§ What is required
Take each line in the entries below that holds "Residential" and show it.

━━ Given records ━━

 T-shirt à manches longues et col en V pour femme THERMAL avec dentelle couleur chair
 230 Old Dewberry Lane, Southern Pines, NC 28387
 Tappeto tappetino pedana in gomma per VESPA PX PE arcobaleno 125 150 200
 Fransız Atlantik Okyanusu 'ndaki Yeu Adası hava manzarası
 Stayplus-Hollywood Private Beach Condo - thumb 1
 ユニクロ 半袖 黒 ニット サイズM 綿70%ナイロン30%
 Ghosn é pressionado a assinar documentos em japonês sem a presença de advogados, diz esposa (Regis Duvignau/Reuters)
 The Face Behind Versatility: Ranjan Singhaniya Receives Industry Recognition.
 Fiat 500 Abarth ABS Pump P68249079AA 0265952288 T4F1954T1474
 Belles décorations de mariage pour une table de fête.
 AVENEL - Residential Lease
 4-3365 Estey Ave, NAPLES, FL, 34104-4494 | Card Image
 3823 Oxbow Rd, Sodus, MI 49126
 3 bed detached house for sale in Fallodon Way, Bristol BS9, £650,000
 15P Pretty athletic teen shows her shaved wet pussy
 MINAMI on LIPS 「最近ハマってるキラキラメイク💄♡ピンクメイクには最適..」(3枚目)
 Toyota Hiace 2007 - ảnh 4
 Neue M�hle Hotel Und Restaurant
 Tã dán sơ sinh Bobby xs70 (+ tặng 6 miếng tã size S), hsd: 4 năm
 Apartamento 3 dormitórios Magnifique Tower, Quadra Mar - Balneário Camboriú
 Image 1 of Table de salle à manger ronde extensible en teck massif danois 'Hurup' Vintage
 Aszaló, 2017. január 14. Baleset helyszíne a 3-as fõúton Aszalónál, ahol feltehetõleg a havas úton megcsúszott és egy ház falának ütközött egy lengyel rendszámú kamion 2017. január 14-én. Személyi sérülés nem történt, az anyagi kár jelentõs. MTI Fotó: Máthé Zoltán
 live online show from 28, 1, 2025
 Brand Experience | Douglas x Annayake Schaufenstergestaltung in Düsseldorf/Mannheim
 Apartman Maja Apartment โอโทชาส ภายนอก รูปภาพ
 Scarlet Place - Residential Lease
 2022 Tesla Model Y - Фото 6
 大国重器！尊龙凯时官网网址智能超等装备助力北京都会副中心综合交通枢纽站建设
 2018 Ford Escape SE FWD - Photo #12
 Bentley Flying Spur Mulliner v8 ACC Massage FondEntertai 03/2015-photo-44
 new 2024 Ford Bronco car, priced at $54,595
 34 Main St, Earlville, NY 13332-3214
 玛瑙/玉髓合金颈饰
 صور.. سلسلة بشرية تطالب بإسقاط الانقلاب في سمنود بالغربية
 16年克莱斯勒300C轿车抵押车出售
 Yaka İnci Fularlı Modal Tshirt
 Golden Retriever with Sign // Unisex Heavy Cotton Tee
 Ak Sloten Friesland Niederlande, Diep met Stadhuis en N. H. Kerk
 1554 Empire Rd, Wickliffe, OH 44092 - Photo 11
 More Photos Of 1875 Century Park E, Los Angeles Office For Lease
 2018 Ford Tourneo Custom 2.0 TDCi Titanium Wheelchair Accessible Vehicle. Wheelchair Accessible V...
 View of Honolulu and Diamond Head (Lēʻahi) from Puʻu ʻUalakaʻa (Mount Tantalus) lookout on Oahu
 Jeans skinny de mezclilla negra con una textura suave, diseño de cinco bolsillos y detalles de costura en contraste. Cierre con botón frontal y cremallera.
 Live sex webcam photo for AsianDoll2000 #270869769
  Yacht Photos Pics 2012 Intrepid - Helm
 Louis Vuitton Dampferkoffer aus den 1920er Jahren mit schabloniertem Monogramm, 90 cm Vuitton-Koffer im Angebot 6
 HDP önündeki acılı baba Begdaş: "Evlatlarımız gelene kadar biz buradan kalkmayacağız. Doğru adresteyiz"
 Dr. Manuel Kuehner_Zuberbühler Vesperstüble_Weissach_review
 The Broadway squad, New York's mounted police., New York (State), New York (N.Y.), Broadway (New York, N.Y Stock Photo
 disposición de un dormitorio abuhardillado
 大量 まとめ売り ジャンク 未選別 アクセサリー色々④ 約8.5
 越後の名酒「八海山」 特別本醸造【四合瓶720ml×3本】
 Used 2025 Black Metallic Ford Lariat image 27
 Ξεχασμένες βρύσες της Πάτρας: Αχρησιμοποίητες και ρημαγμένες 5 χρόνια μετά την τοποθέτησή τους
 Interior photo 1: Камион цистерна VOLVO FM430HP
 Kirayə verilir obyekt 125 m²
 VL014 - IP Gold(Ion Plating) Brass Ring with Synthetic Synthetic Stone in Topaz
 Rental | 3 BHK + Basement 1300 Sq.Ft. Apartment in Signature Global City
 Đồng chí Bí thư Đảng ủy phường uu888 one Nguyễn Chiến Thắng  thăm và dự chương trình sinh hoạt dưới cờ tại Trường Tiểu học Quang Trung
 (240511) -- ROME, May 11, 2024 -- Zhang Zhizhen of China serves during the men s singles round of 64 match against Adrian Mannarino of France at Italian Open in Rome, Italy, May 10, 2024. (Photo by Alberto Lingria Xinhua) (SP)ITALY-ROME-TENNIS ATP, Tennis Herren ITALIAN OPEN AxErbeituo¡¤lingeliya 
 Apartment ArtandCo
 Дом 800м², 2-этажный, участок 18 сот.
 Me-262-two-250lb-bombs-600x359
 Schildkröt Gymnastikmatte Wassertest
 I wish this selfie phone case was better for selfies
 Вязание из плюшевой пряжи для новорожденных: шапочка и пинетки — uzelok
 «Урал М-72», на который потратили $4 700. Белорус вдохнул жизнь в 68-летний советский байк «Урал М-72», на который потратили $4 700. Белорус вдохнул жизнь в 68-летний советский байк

━━━

§ Response area
 AVENEL - Residential Lease
 Scarlet Place - Residential Lease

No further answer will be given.